» **TASK ITEM**: Your response to the data below should hold nothing except the lines from the one containing "DaniellaGraceZZ - Live sex cam - 22141713" down to the one containing "Holiday Inn Telavi By Ihg Екстериор снимка", reproduced exactly and without pictures.

» **GIVEN INFORMATION**:
——————————

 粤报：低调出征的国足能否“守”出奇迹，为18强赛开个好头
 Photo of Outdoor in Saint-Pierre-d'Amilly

——————————

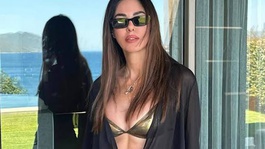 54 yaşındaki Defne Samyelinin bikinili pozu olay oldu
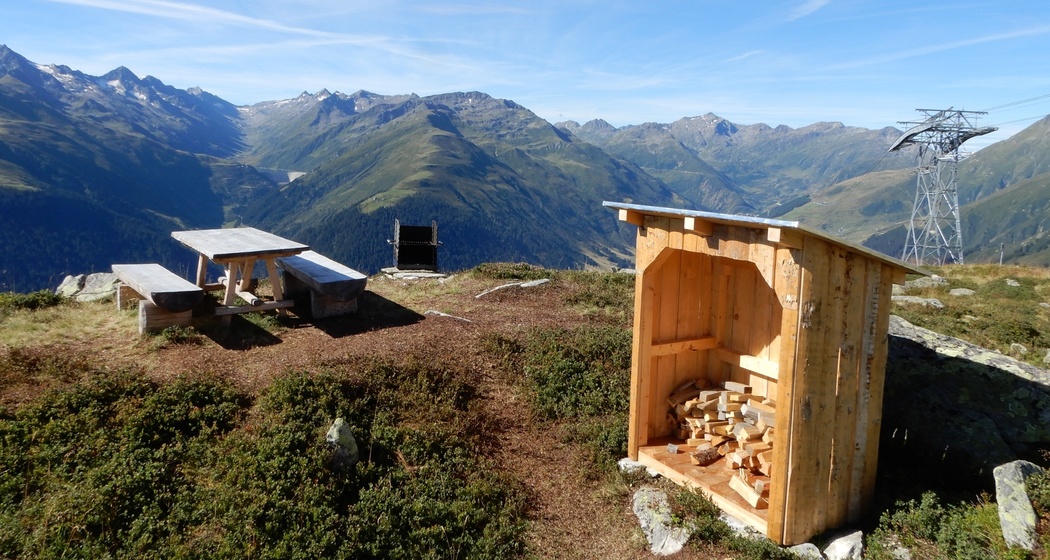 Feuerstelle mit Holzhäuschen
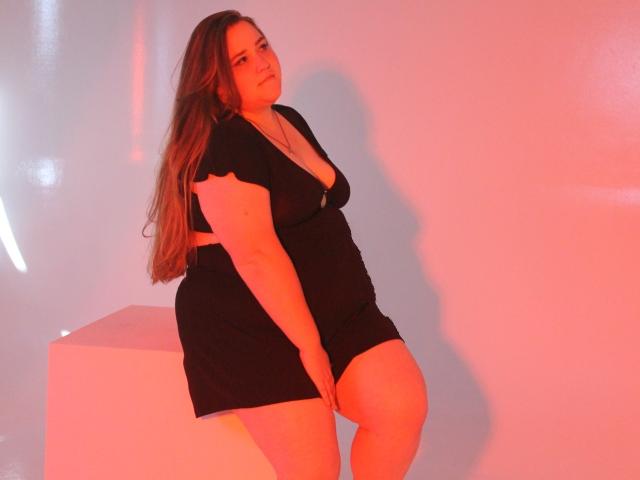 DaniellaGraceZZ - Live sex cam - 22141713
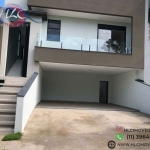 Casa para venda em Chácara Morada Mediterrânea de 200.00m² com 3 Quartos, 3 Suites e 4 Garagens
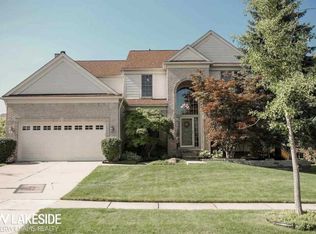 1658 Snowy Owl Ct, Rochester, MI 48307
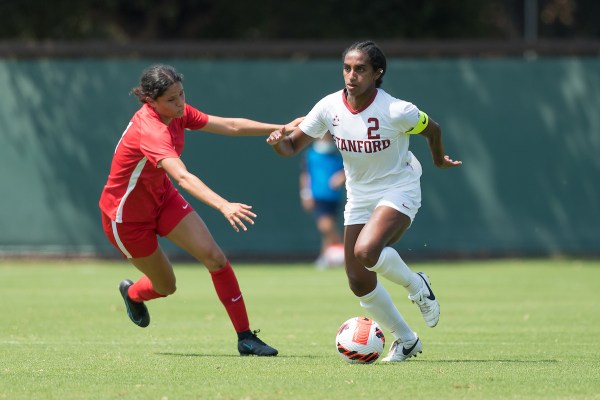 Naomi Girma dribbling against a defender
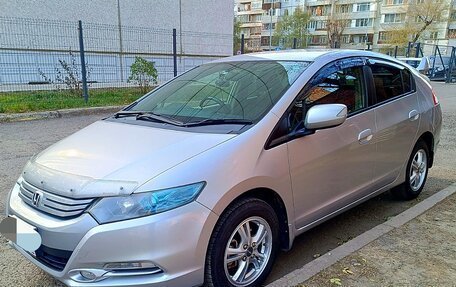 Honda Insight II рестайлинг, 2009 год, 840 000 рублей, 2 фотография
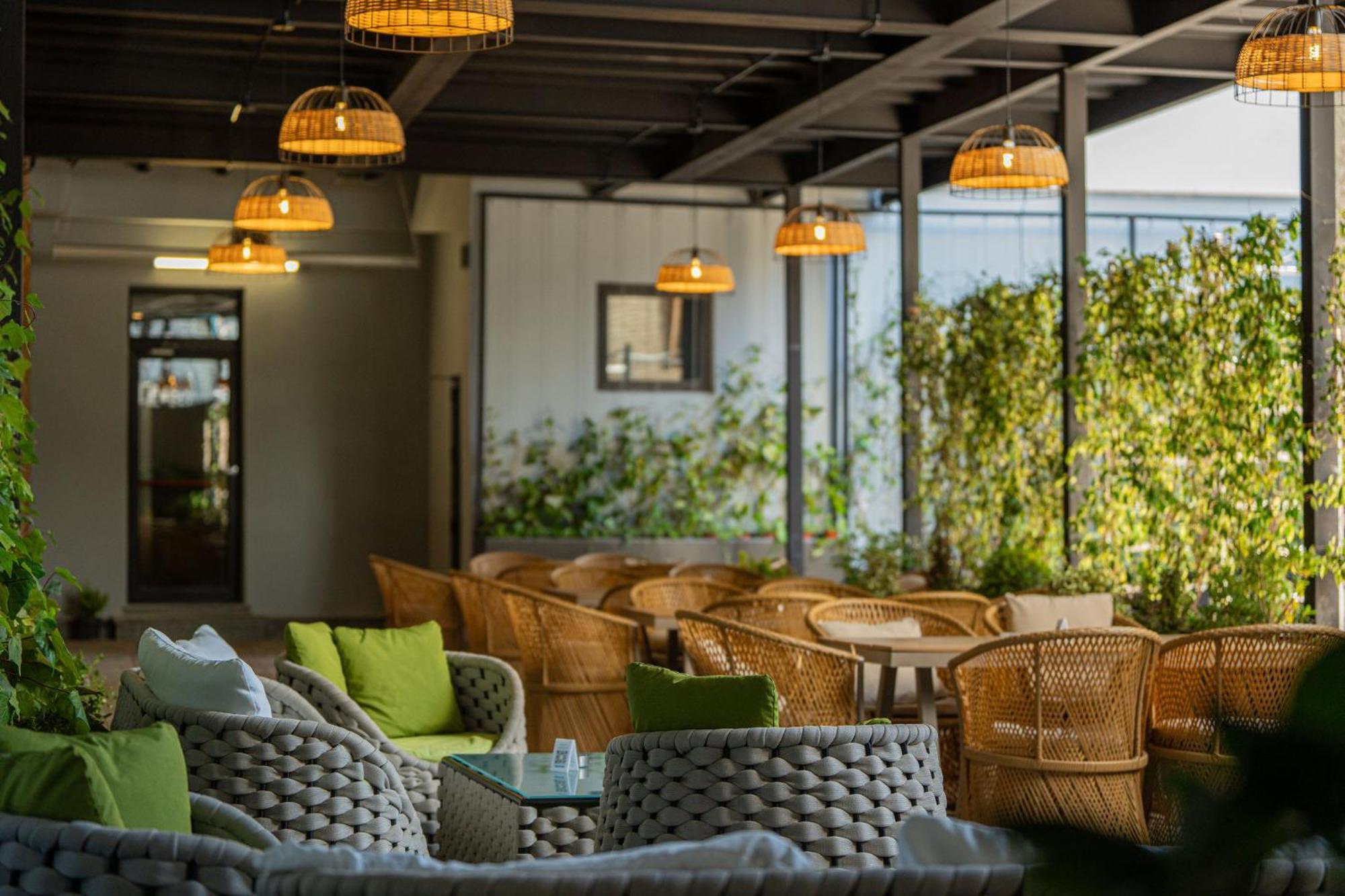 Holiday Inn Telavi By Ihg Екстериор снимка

——————————

» **OUTPUT OF THE TASK**:
 DaniellaGraceZZ - Live sex cam - 22141713
 Casa para venda em Chácara Morada Mediterrânea de 200.00m² com 3 Quartos, 3 Suites e 4 Garagens
 1658 Snowy Owl Ct, Rochester, MI 48307
 Naomi Girma dribbling against a defender
 Honda Insight II рестайлинг, 2009 год, 840 000 рублей, 2 фотография
 Holiday Inn Telavi By Ihg Екстериор снимка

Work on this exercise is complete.